Desde la creación del mítico 'Pong', los videojuegos han evolucionado de forma exponencial y se han ido abriendo paso en el panorama de ocio de consumo, hasta llegar al punto de que en muchos países facturan más que el cine y la música juntos.
Ahora tenemos gráficos hiperrealistas con las nuevas consolas y ordenadores, e incluso podemos jugar con nuestros teléfonos móviles. Pero hace 30 años, en la prehistoria videojueguil, lo habitual era gastarse la paga en máquinas recreativas, y sólo los más privilegiados podían permitirse tener un sistema en casa.
Visualmente, no tienen absolutamente nada que ver los de antes con los de ahora, pero su mecánica y objetivos son básicamente los mismos. Un videojuego pretende entretener mediante la inmersión en otros mundos, con el plus de poder interactuar en ellos. 'Pacman', 'Space Invaders' o 'Super Mario Bros.' nos trasladaban a mundos imposibles para salvarlos de invasiones alienígenas, huir de fantasmas coloristas o comer champiñones y explorar tuberías.
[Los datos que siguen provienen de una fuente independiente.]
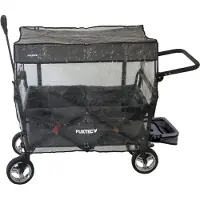 FUXTEC Regenschutz transparent für Bollerwagen CT800/CTB800/CT850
Y, con pocos sprites en pantalla, lográbamos una total inmersión que podía durar horas, o hasta que se terminasen las monedas de cinco duros (sí, aquellas del agujero que también valían para bailar peonzas).
Pero en la tecnología se progresa geométricamente, y de aquellos muñecos cuadriculados saltando en la pantalla hemos pasado a confundir en muchos casos la realidad con la ficción poligonal. Sin ir más lejos, el otro día nos pusieron en clase un vídeo de un juego de fórmula 1 para la PlayStation 3 como si fuera una carrera de verdad (la profesora no se dio cuenta). Este hiperrealismo se ve aumentado con los sistemas de detección de movimiento como Kinect o Wii, y puede que algún día lleguemos a los hologramas o a la total recreación de entornos virtuales (aunque no me veo con agujeros en la nuca a lo 'Matrix').
Los videojuegos FPS (first person shooter), de aventuras, de simulación y de plataformas son los que más cuidan los escenarios en los que transcurre la acción. Por supuesto, la mejora gráfica ha conllevado un cuidado más delicado de la arquitectura representada en pantalla, con reproducciones e interpretaciones increíblemente fieles a la realidad, como es el caso de las ciudades en los 'Grand Theft Auto' o de los entornos históricos de los 'Assasin's Creed'. Sin embargo, la percepción espacial es igual de importante tanto en los juegos más realistas como en aquel puñado de píxeles que se movían en un scroll horizontal en dos dimensiones.
El arte de crear videojuegos es muy joven. Al igual que en otros ámbitos, a pesar de todo, no a todas estas creaciones digitales se las considera arte; de hecho, muy pocos llegan a llevar ese gran calificativo, que parece dotar de prestigio a una afición que hasta hace poco estaba relacionada con lo antisocial, infantil o freak. La última generación de consolas, tanto portátiles como de sobremesa, ha acercado este mundo al ciudadano de a pie y ya se ha perdido esta percepción. Por supuesto, queda mucho por hacer y muchos aspectos por pulir, pero ya hay producciones que rivalizan con otros campos como el cine o la literatura en cuanto a profundidad argumental, fotografía e incluso repercusión social.
Jugar a un videojuego permite pasear por ciudades imposibles, cabalgar por praderas infinitas o viajar a galaxias recónditas, con un aspecto cada vez más real y preciosista. Y tanto los juegos más avanzados como los más elementales consiguen crear esa sensación en el jugador de evadirse de una realidad y sumergirse en otra, alterando las nociones del espacio y del tiempo. Las mismas nociones que imperan en la dimensión arquitectónica, casualmente.